*** Recorded data ***

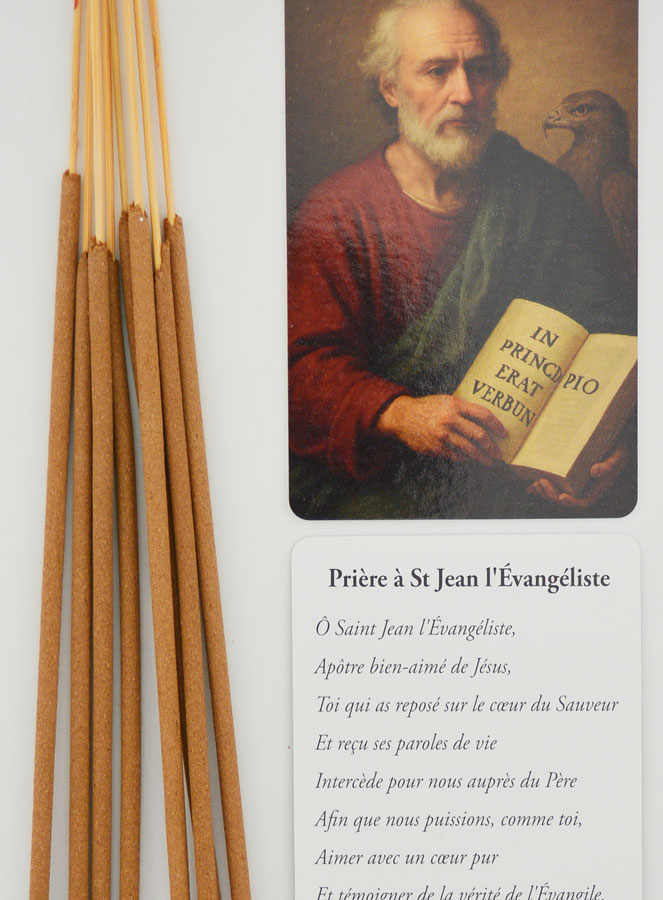 Encens Saint Jean (pic 3)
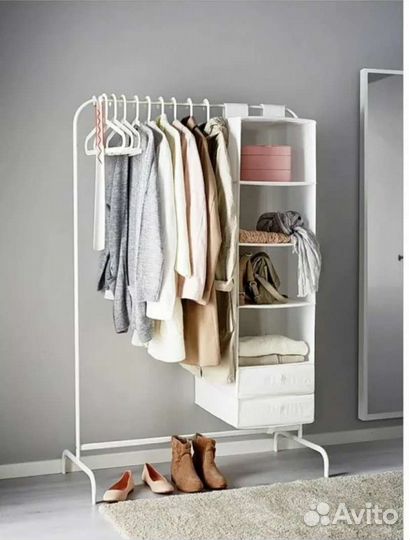 Вешалка напольная мулиг IKEA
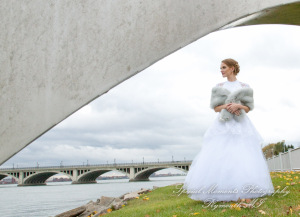Claire & Paul at Detroit Yacht Club Detroit MI wedding photography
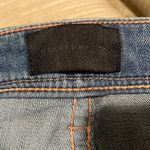 Buckle  Black Crop Jeans Photo 2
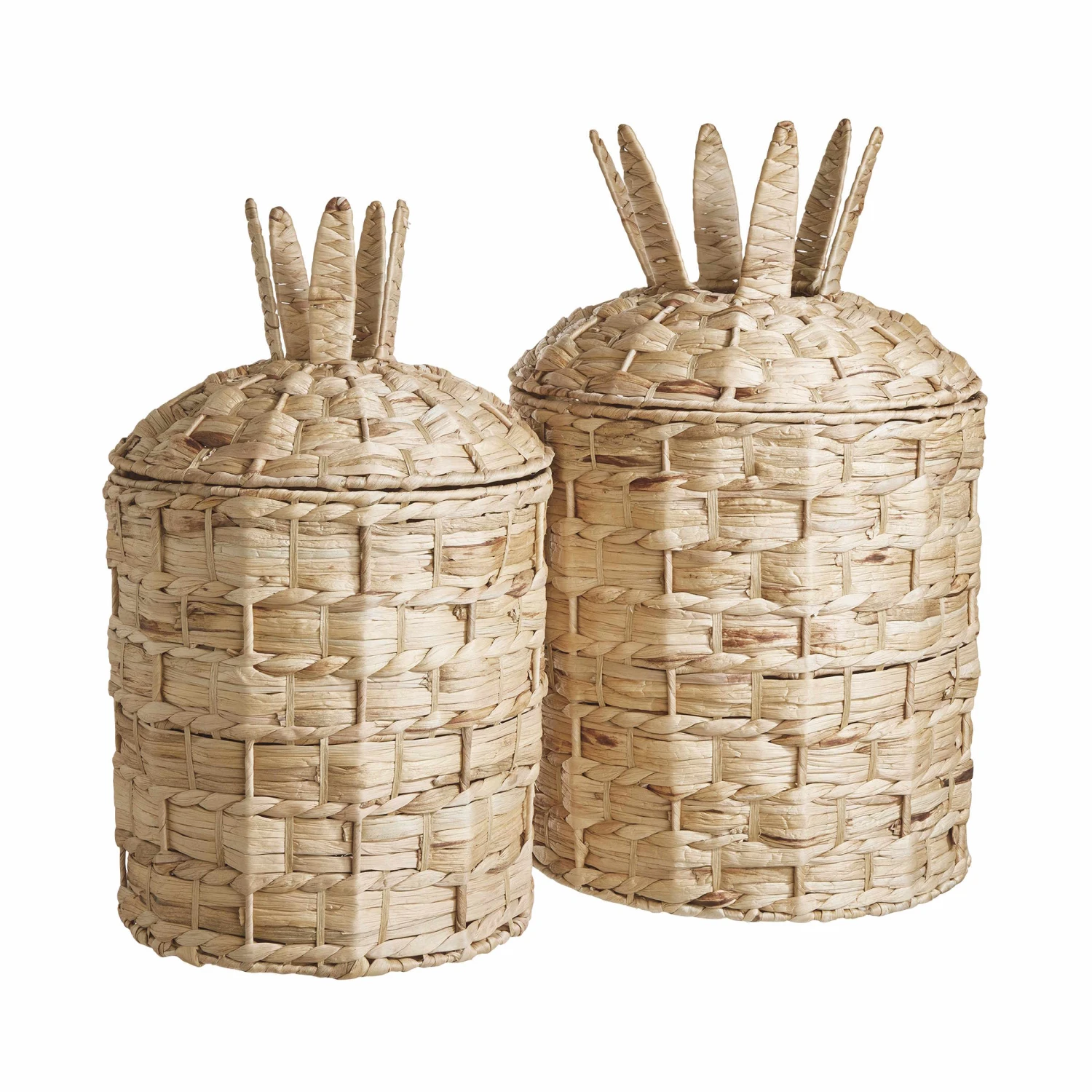 PINEAPPLE Ananaskorb Ø35cm 8 PINEAPPLE Ananaskorb Ø35cm – Bild 8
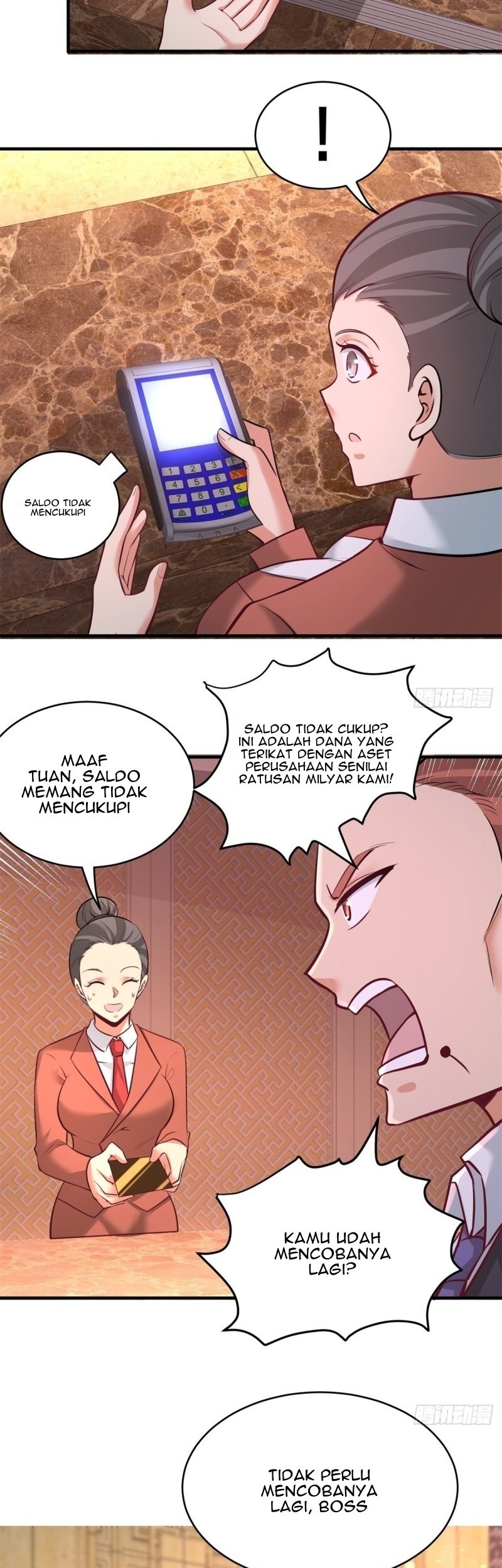Dragon King Hall Chapter 82 Gambar 26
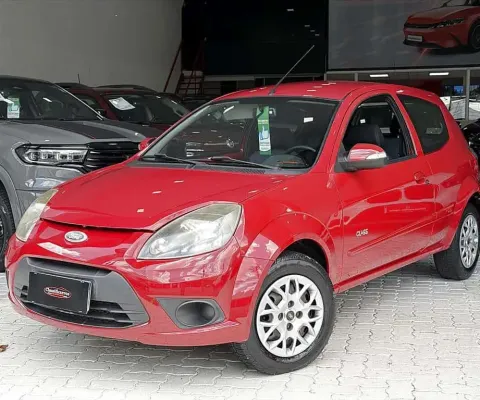 Ford ka 1.0 mpi 8v flex 2p manual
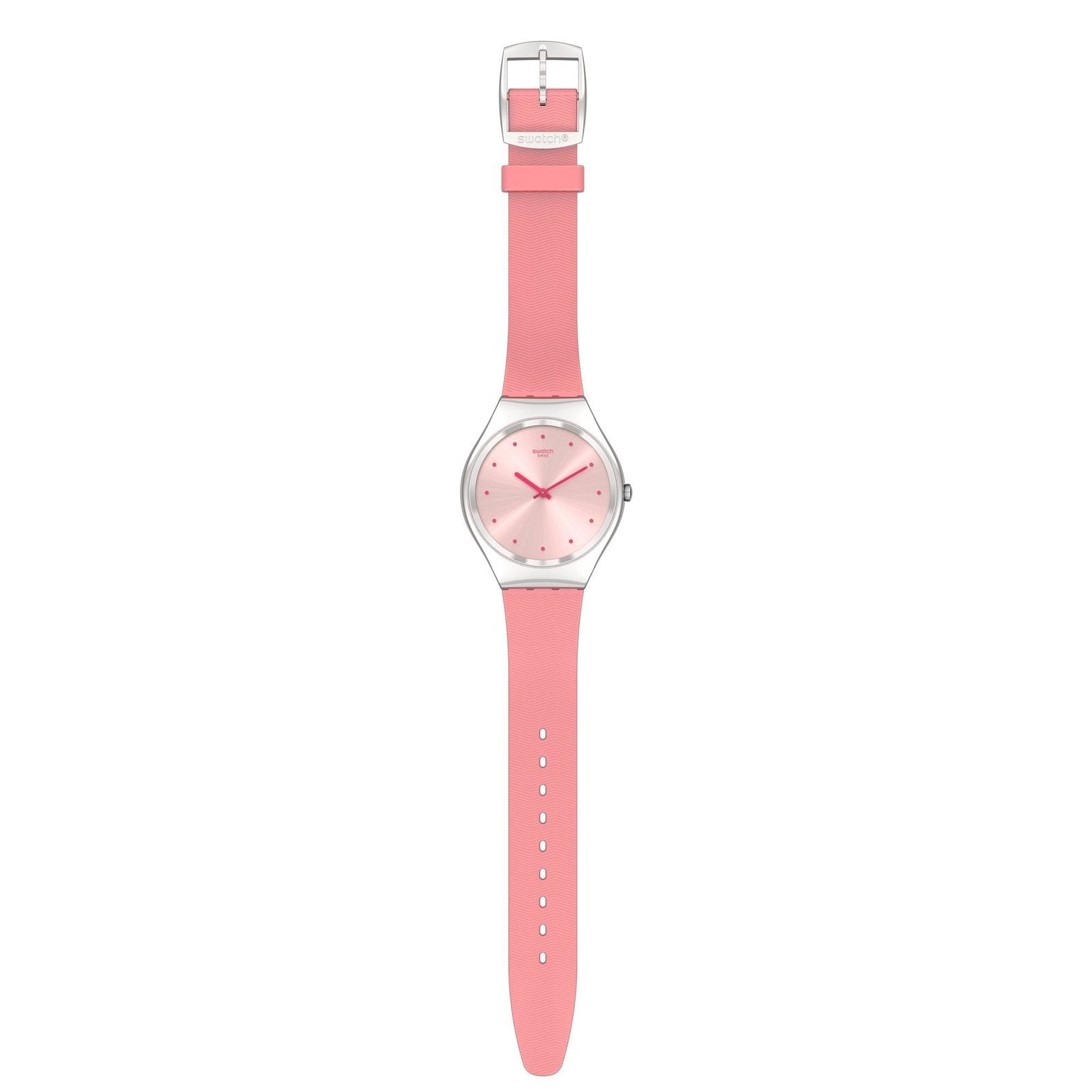 Rose Moire Swatch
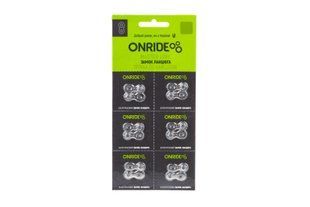 Замок ланцюга ONRIDE QRS 11 швидкостей упаковка 6шт. 2526116102447 фото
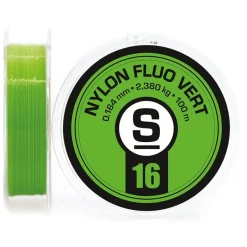 Sempe Nylon Fluo Vert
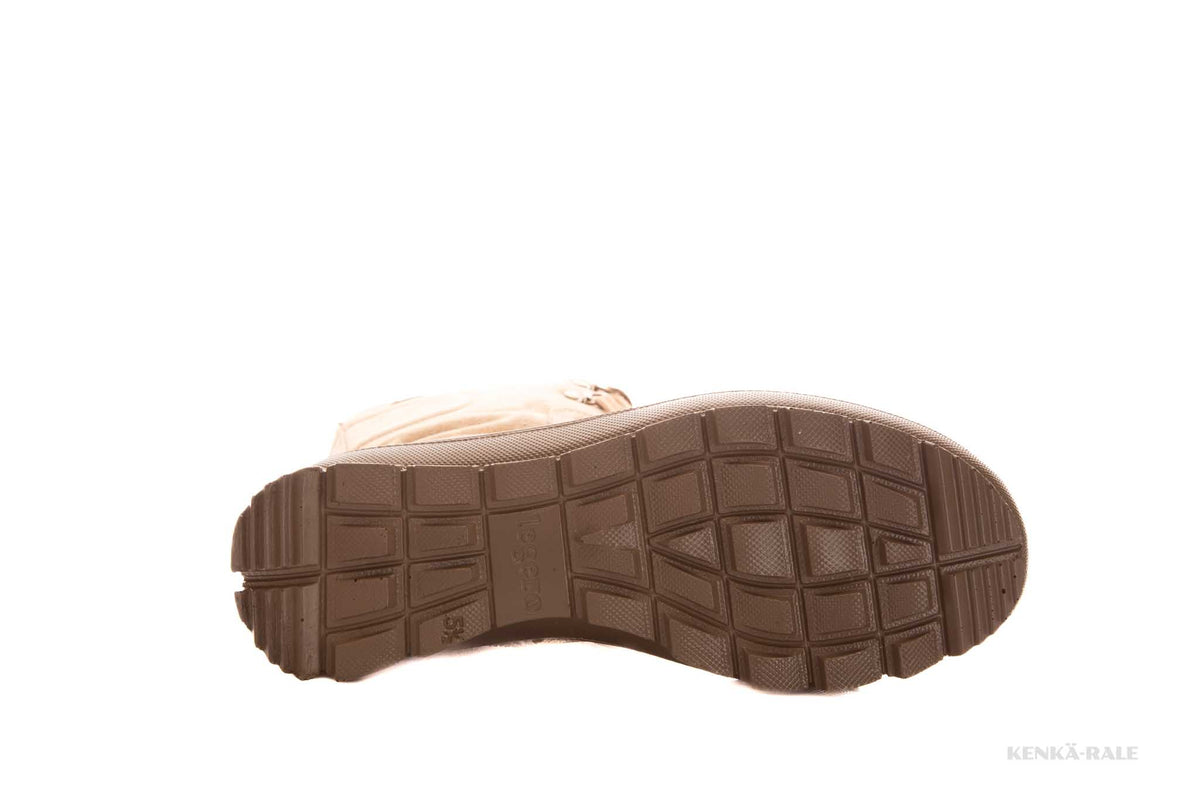 Naisten vedenpitävä ja lämmin Legero Novara GORE-TEX nauhasaapikas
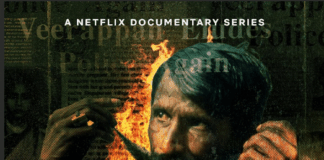 Netflix India Wins Big at the 2024 Asian Academy Creative Awards with The Hunt for Veerappan. The Hunt for Veerappan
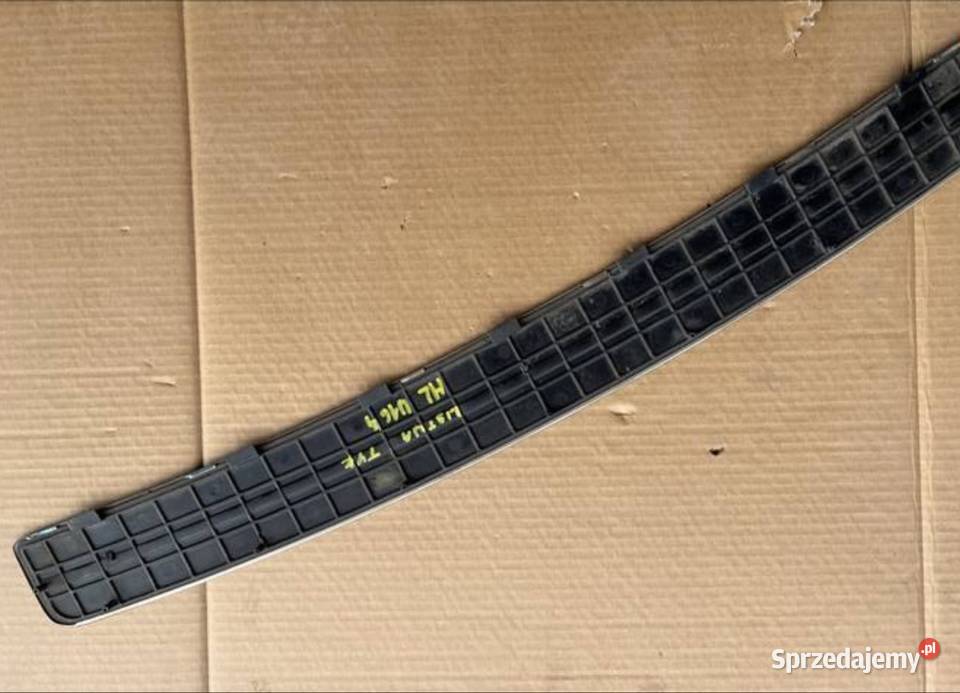 MERCEDES ML W164 164 LISTWA PARAPET TYLNY Międzychód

***

> _Directions for this task_
Reproduce verbatim the opening line of the material and every line after it, up to and including the line with "Ford ka 1.0 mpi 8v flex 2p manual", but no pictures.

> _Reply_
 Encens Saint Jean (pic 3)
 Вешалка напольная мулиг IKEA
Claire & Paul at Detroit Yacht Club Detroit MI wedding photography
 Buckle  Black Crop Jeans Photo 2
 PINEAPPLE Ananaskorb Ø35cm 8 PINEAPPLE Ananaskorb Ø35cm – Bild 8
Dragon King Hall Chapter 82 Gambar 26
 Ford ka 1.0 mpi 8v flex 2p manual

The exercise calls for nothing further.